Yup, that was his arm upon arrival at our local hospital. Bent in ways the arm isn't supposed to bend. Now, I grew up with an emergency room nurse as a mother, and as a Biology major, so I'm pretty tempered to medical mishaps. I don't get skeeved out by the sight of blood, and actually find Trauma In The E.R. on Discovery or whatever channel it runs really interesting to watch. However, all that goes out the window in a blink of an eye when it's your own child. You know that stomach-dropping sensation you get when you're on a rollercoaster? That's what I felt when they first took the ice and towel off his arm in the triage area. Anyways, they get him stabilized and the pain under control with some morphine, and then take that picture above. Unfortunately, or fortunately depending on how you look at it, the local hospital didn't have a pediatric orthopedic surgeon on staff so decided to transfer him down to Children's Hospital of Philadelphia (CHOP) - one of the best in the country - by ambulance. I chased behind on the way down, and got settled in for a fun 8 hours there.
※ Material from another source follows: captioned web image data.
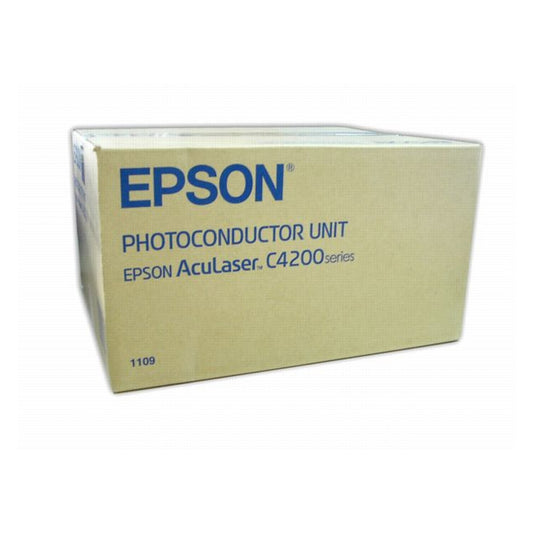 Tambour (drum) (kit photoconducteur) de Marque Epson C13S051109 Noir - 35000 copies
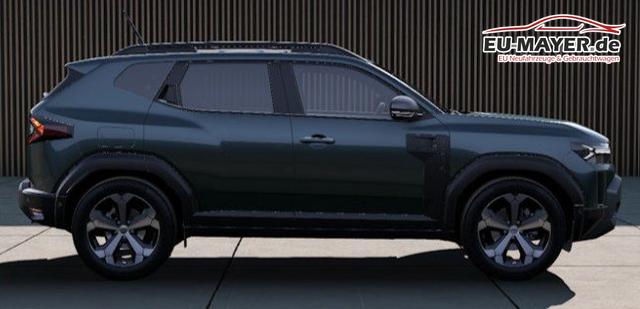 Dacia Duster Journey Winterpaket+Navi+LED Full-Hybrid 155 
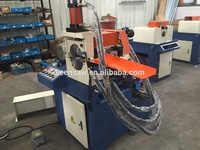 Machine à poinçonner les boulons, pour avoir des tuyaux ou des écrous au filetage, KCM-80SE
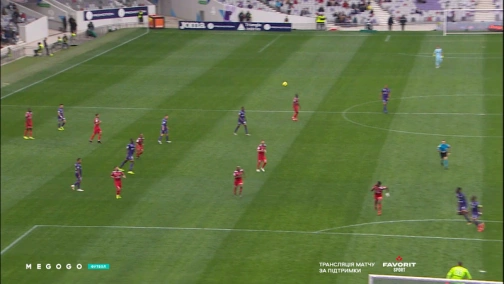 28 тур. Тулуза — Генгам 1:0. Обзор матча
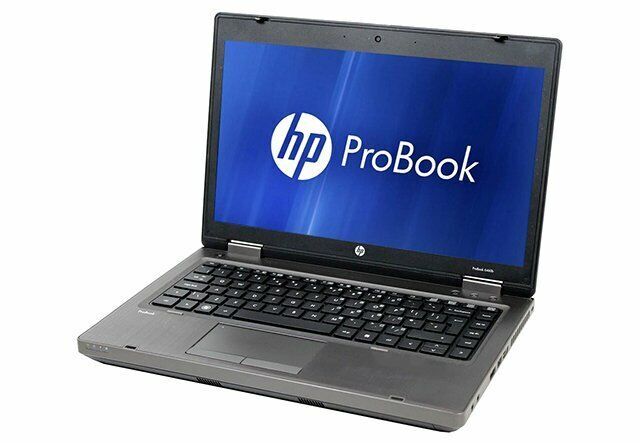 HP Probook 6460B 14″ I3-2310M 2.10GHz 4GB RAM 320GB HDD 1366×768 WINDOWS 7 PRO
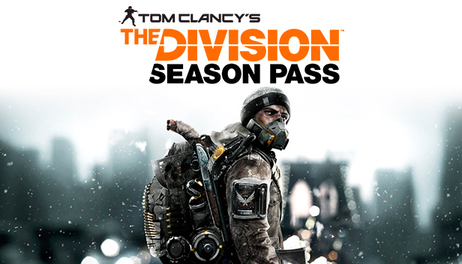 Купить Tom Clancy's The Division - Season Pass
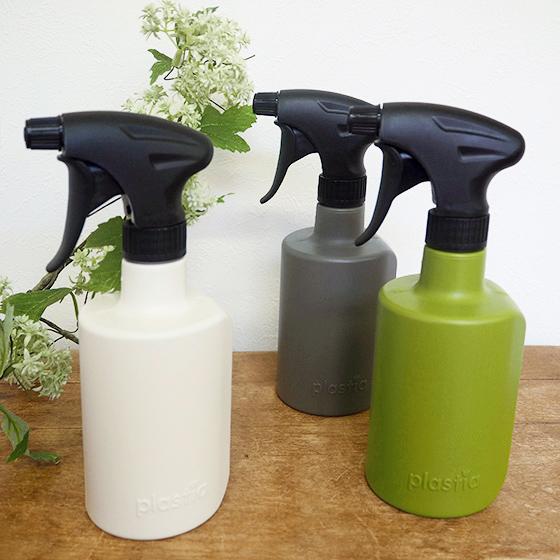 霧吹き スプレー 容器 おしゃれ ミスト かわいい 観葉植物 スプレーボトル ガーデニング 室内 屋外 チェコ Plastia プラントスプレー 0 5l 2540 1 Slow Works 通販 Yahoo ショッピング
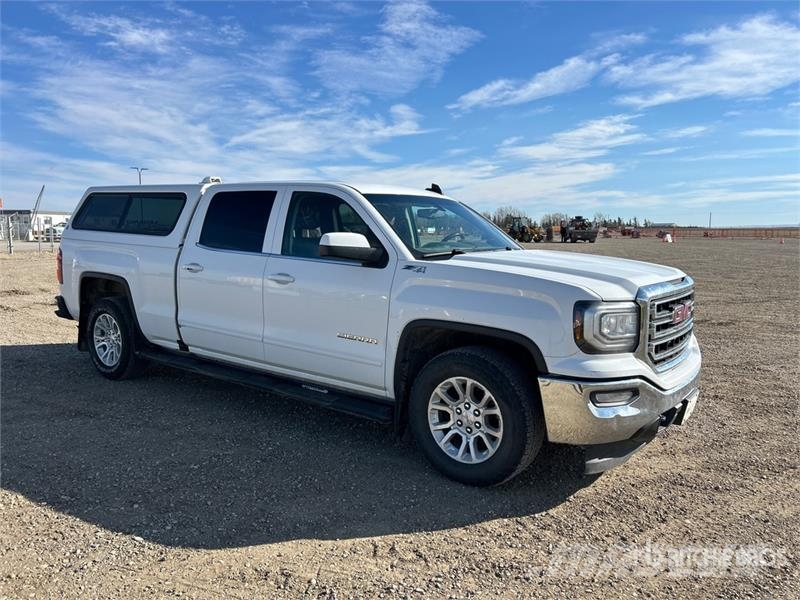 GMC Sierra 1500 Muu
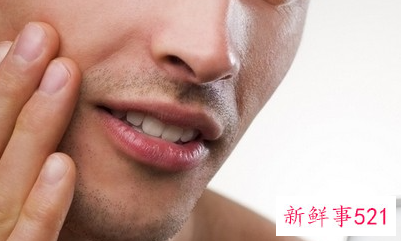 中年男性美肤要注意细节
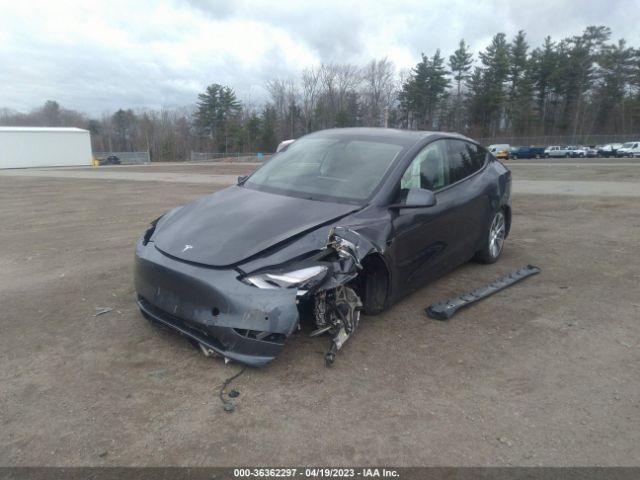 5YJYGDEE1MF264409 Tesla Model Y Long Range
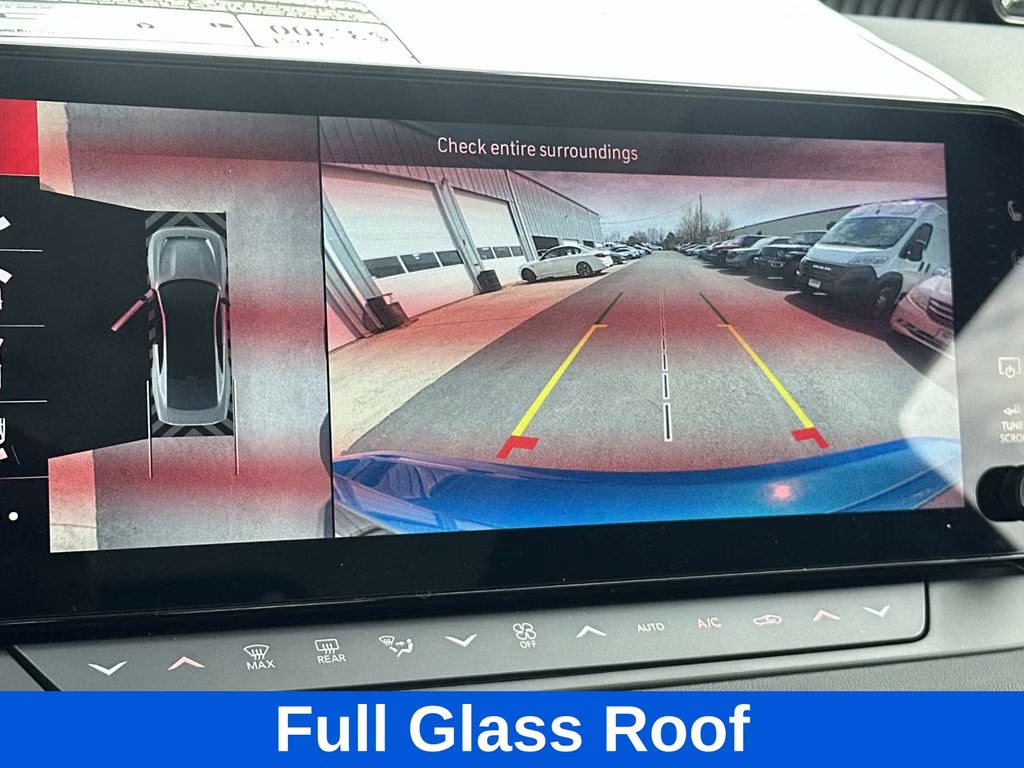 2026 Bludicrous Dodge Charger R/T Scat Pack AWD Coupe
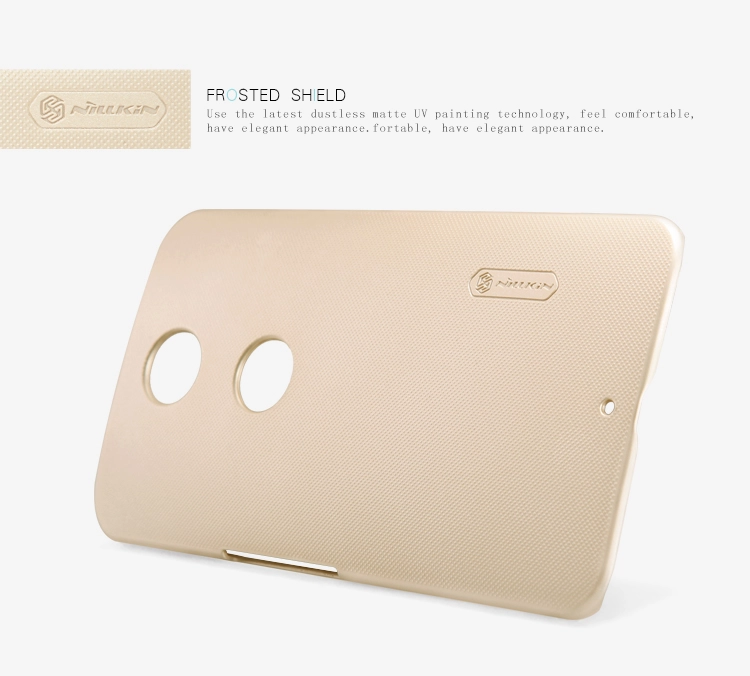 Ốp lưng sần NillKin Google Nexus 6 Super Frosted Shield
We get into downtown Philadelphia, and are immediately checked into a room in the emergency wing. Again, he's made comfortable and he was in decent spirits flipping between iCarly and Spongebob. There was only one pediatric orthopedic on the floor at the time, and there was another severe case already under way, so we were told we might have to wait a bit. No worries really. However, stars aligned and the surgeon had a 30-minute window where he was able to take care of us - right in the room. They wheeled in a portable x-ray machine in, got us all in lead aprons, and went to work.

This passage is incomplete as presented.